If you have crawling babies or little ones who spend a lot of time on the floor or who might be sat upon a damp kitchen counter, you might want to err on the side of caution and use one of the alternate recipes to eliminate any chance borax could end up in their mouths.

Because the little product safety data that is out there often conflates boric acid with borax, it becomes extremely difficult to determine which warnings actually apply to each separately.

Like many substances, borax can cause irritation to the eyes if it comes into contact with them. How much borax gets into the eye and how long it remains typically plays a primary role in how severe the irritation will become.

Eye irritation could range from redness, swelling, and blurred vision to potential corneal injury. Baking soda, rubbing alcohol, many essential oils and distilled white vinegar (among other common low-tox cleaning and beauty agents) can bring about the same results when making contact with eyes.

So what is the bottom line on borax safety? That is something you will have to determine for yourself. My clan and I have used it for decades, and because we do not ingest it or rub it into our eyes, we have had absolutely no negative results.

Ants on the other hand, quickly die when I use borax as an all purpose kitchen scrub, when mixing it with distilled white vinegar and using it as a spray around the sink and trash can.

DIY Kitchen Cleaner Recipe with Borax


  • 1 ½ cup Borax
  • 1 cup distilled white vinegar
  • ¼ cup rubbing alcohol or vodka
  • 5 drops tea tree essential oil


  • Combine the borax and the distilled white vinegar in a bowl or in a similar storage container and stir thoroughly to combine.
  • Pour in the rubbing alcohol or vodka, and stir again to combine completely.
  • Add in the drops of tea tree essential oil, and stir yet again.
  • You should have a paste that is neither too dry to spread, nor too runny. If the all natural multi-purpose cleaner is to runny, add in 1 teaspoon more of borax and stir.

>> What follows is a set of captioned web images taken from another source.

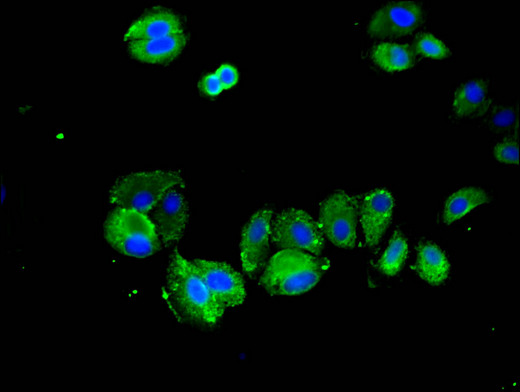 SPRY2 / Sprouty 2 Antibody - Immunofluorescent analysis of HepG2 cells using SPRY2 Antibody at a dilution of 1:100 and Alexa Fluor 488-congugated AffiniPure Goat Anti-Rabbit IgG(H+L)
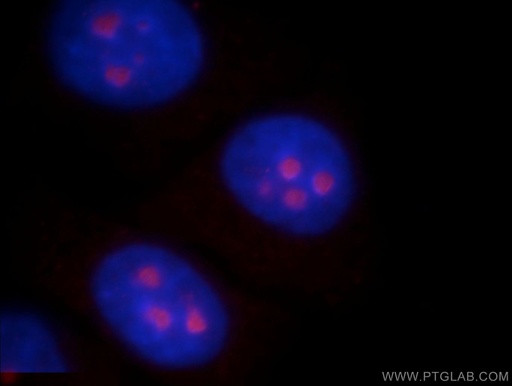 [20952-1-AP-150UL] ABHD14B Polyclonal antibody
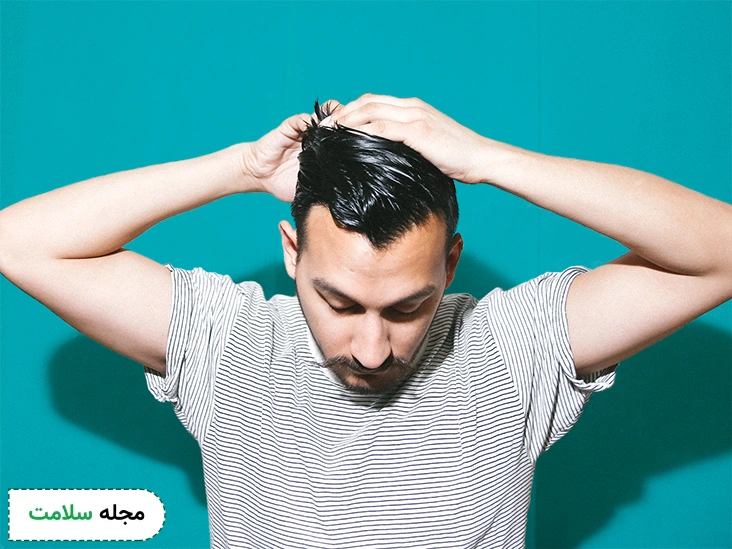 علل-ریزش-مو-در-مردان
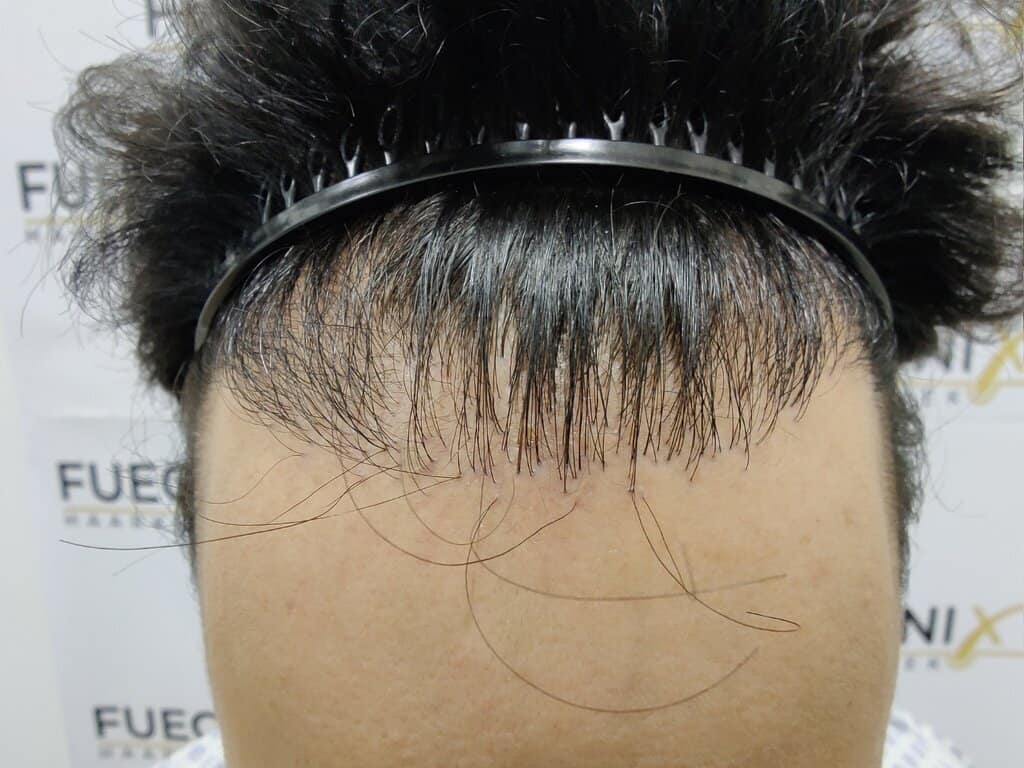 Before – One Surgery Repair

If the mixture is too dry, add in ½ of a teaspoon more of the vinegar and stir to combine.
  • Use a clean cloth or a sponge to apply the natural kitchen scrubbing agent to surfaces that are not made of natural stone and to appliances.

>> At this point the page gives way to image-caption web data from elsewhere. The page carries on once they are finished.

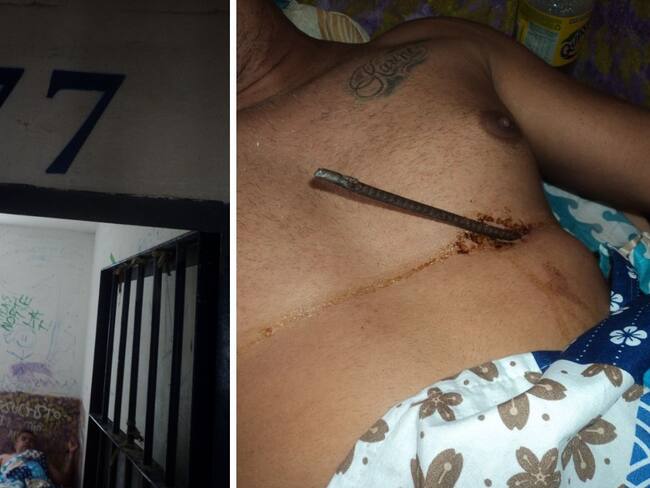 Interno de Santander se autolesionó con una varilla para pedir que lo cambien de cárcel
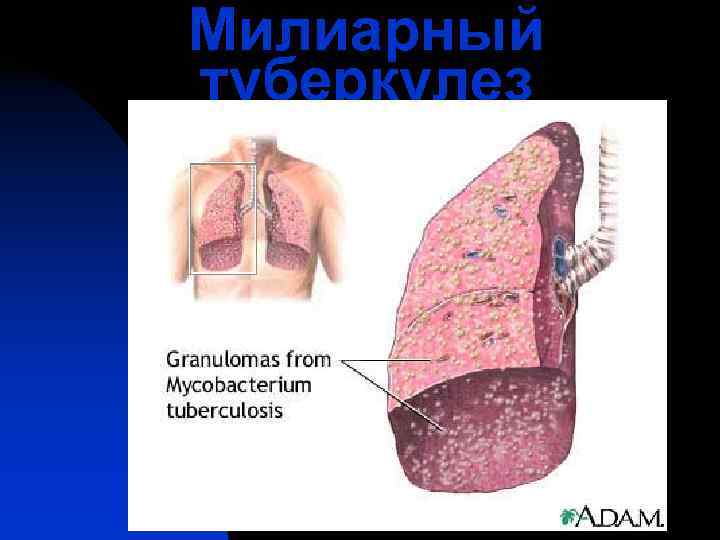 Милиарный туберкулез 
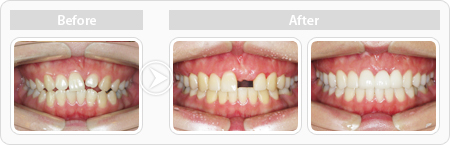 치아가 없는 경우 교정 치료사례
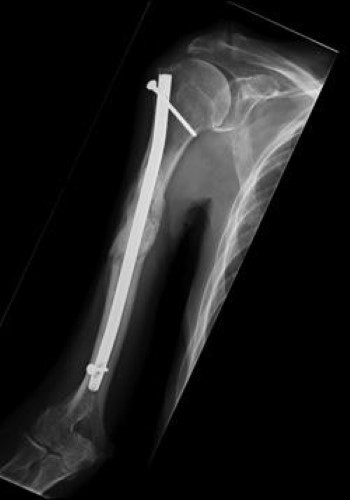 intramedullary rod in humerus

When stored in a container with a tight fitting lid, this DIY low tox kitchen cleaner should last for several weeks to two months without losing potency.

Have you used Borax to clean your kitchen and appliances? What are your thoughts on it?

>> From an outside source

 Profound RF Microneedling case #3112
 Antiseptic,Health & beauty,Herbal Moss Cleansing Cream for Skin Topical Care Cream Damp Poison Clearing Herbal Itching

1 thought on “DIY Natural All-Purpose Kitchen Cleaner with Borax”

  1. I did a little research and I do see where you are coming from, but Borax is banned in the E.U. and the U.K. as it is deemed toxic enough and they use substitutes. There are also several other bans for particular uses of borax across the globe, including the FDA, though I haven’t chased that one up to check the particulars.

    It is, as you said, widely viewed as “less toxic” than boric acid… but that is LESS toxic… that still means it’s toxic. It is usually used for cleaning by virtue of it being able to change pH to something more alkaline, but there are other ways of doing that. If baking soda will work as well, why not use baking soda instead? I did not really see where you argued that Borax could offer anything additional that the other options could not also offer.

    As for, “Borax is a natural material…” so is radon, arsenic, and mercury. That’s hardly an argument for considering anything to be safe. I am very concerned about people using borax more often, and it entering our waterways, as there is evidence it causes damage and we don’t know the impact of accumulation. Again, if there are alternatives, why use this particular product? Baking soda you can even use in your garden. Borax you can’t because it will kill.

    As for skin irritant issue, I can tell you that it can cause skin irritations even if used as directed on the box for laundry… as it happened to all of my family. Granted, my family is light skinned and red headed, and they tend to be a little more sensitive to skin irritants, but so are many people, not just children.

    Might i suggest that people try a product or home recipe WITHOUT borax first, and see if it does the job satisfactorily, before they go out and buy borax?